Personal life
- Born: 1194 Harran, Sultanate of Rum (modern-day Turkey)
- Died: 1255 (aged 60–61) Damascus, Mamluk Sultanate (modern-day Syria)
- Region: Islamic Golden Age
- Main interest(s): Hadith, Fiqh, Theology
- Notable work(s): Al-Muntaqa fi Ahadith al-Ahkam, Al-Muharrar fi al-Fiqh

Religious life
- Religion: Islam
- Jurisprudence: Hanbali
- Creed: Athari

Muslim leader
- Influenced by Ibn Qudama, Ibn Gunaymah;
- Influenced Ibn Taymiyya;

= Majd ad-Din ibn Taymiyya =

Sunni Islamic scholar (1194–1255)

Abu al-Barkat Majd al-Din ibn Taymiyya (عبد السلام بن عبد الله بن الخضر بن محمد بن تيمية الحراني، أبو البركات مجد الدين) (1194 - 1255) was Muslim scholar muhaddith, traditionalist theologian, judge and Hanbali jurisconsult.

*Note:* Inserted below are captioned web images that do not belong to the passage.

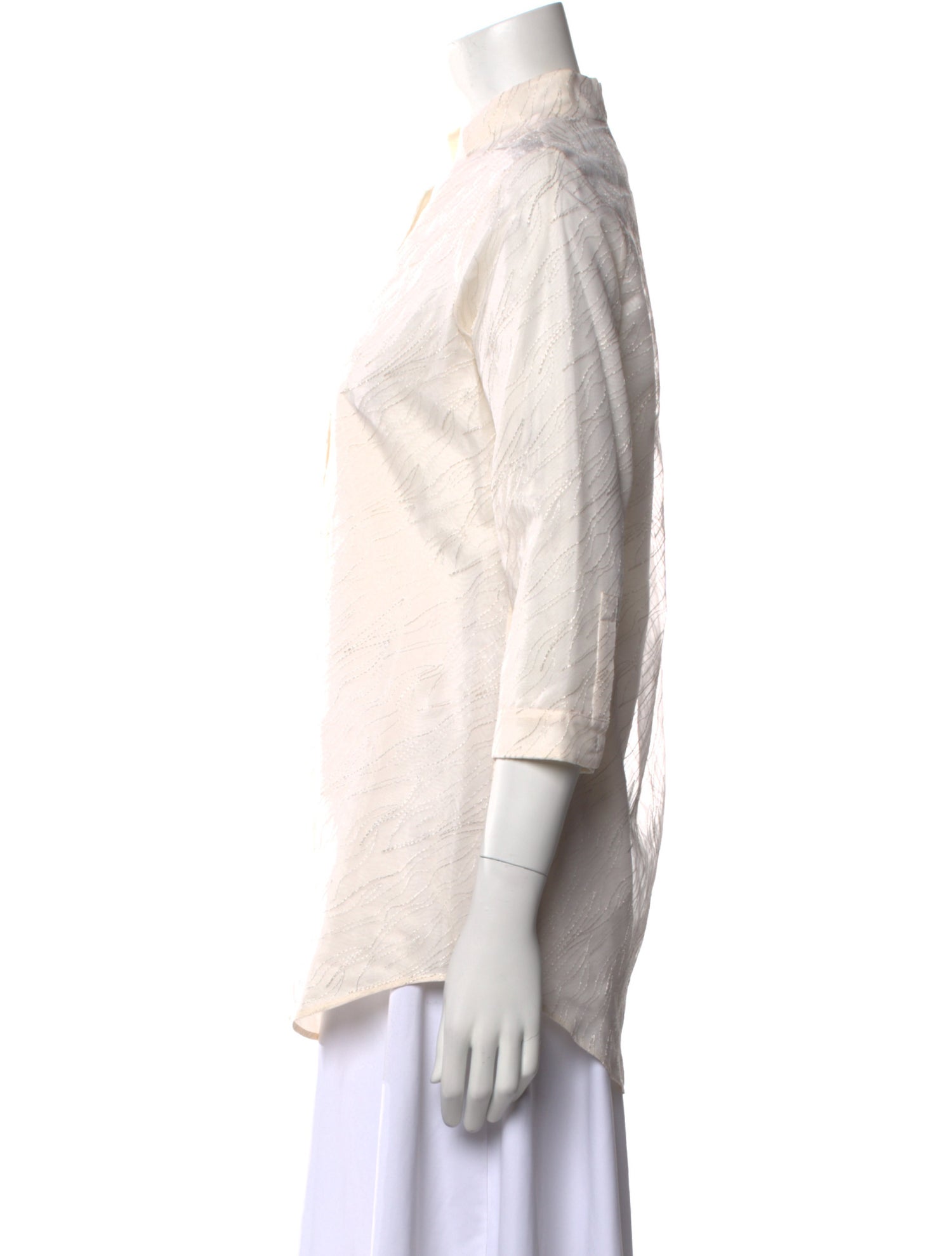 Leggiadro Silk Three-Quarter Sleeve Button-Up Top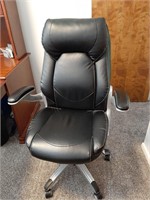 NEWER LAZYBOY DELUXE LEATHER OFFICE CHAIR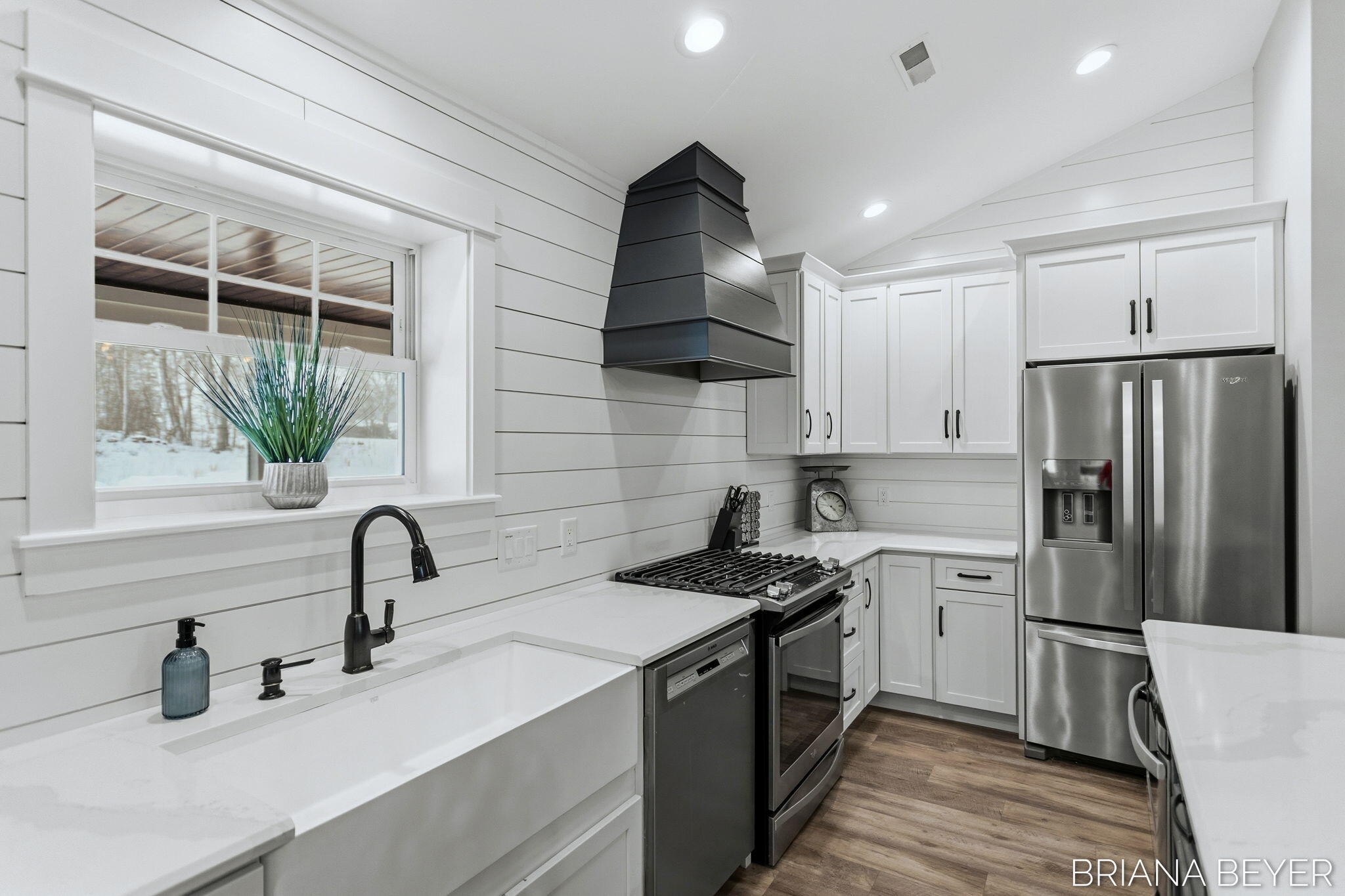 6541 145th Avenue Holland MI 49423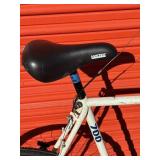 Trek 700 Hybrid Extra Large Bicycle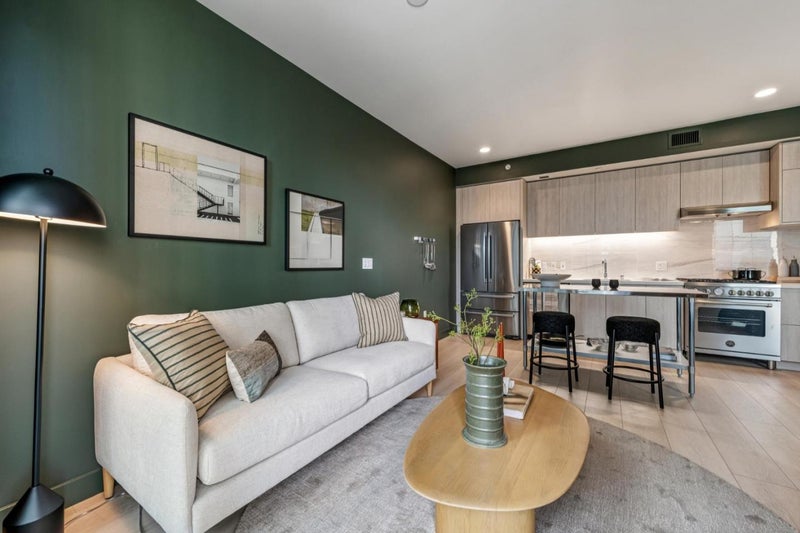 188 West Saint James Street 10803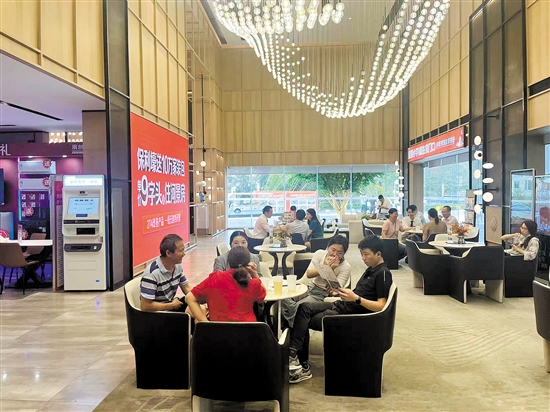 今年前5個月，我市購房戶籍結(jié)構(gòu)中，市外戶籍占比達38%。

He was the father of Shihab al-Din Abd al-Halim ibn Taymiyya [ar] and the grandfather of Taqi al-Din Ahmad Ibn Taymiyya.

He was a reputable scholar of the Hanbali school of law. He had a son: Shihab al-Din Abd al-Halim ibn Taymiyya [ar] (d. 1284) and an uncle: Fakhr al-Din ibn Taymiyya (d. 1225) [ar].

==Biography==
He was born in Harran in 590 AH. Harran was a city part of the Sultanate of Rum, now Harran is a small city on the border of Syria and Turkey, currently in Şanlıurfa province. At the beginning of the Islamic period, Harran was located in the land of the Mudar tribe (Diyar Mudar). Before its destruction by the Mongols, Harran was also well known since the early days of Islam for its Hanbali school and tradition, to which Ibn Taymiyya's family belonged.

He taught Hadith in the Levant, the Hijaz, and Iraq, and in addition to his country Harran in the Levant, he was a member of his time in the knowledge of the Hanbali school of thought.
He was a disciple of ibn Gunaymah & Ibn Qudamah. He is known as ‘al-Majd’ in madhhab. In Hanbali fiqh, the designation ‘ash-Shaykhain” indicates to Imam ibn Qudamah and Imam Majd-ud-din Ibn Taymiyya.

== Books ==
His notable works includes:

1. An explanation of “al-Hidayah”

2. “Al-Muntaqa fi Ahadith Al-Ahkam” was explained by Al-Shawkani titled ‘Nayl al-Awtar’

3. “Al-Muharrar fi Al-Fiqh”, which is more important in terms of the Hanbali jurisprudence- explained by many scholars including his grandson Ibn Taymiyya- his explanation's title was ‘At-Taliq al-Mukarrar’, ibn Rajab and Ibn Abdul-Haq.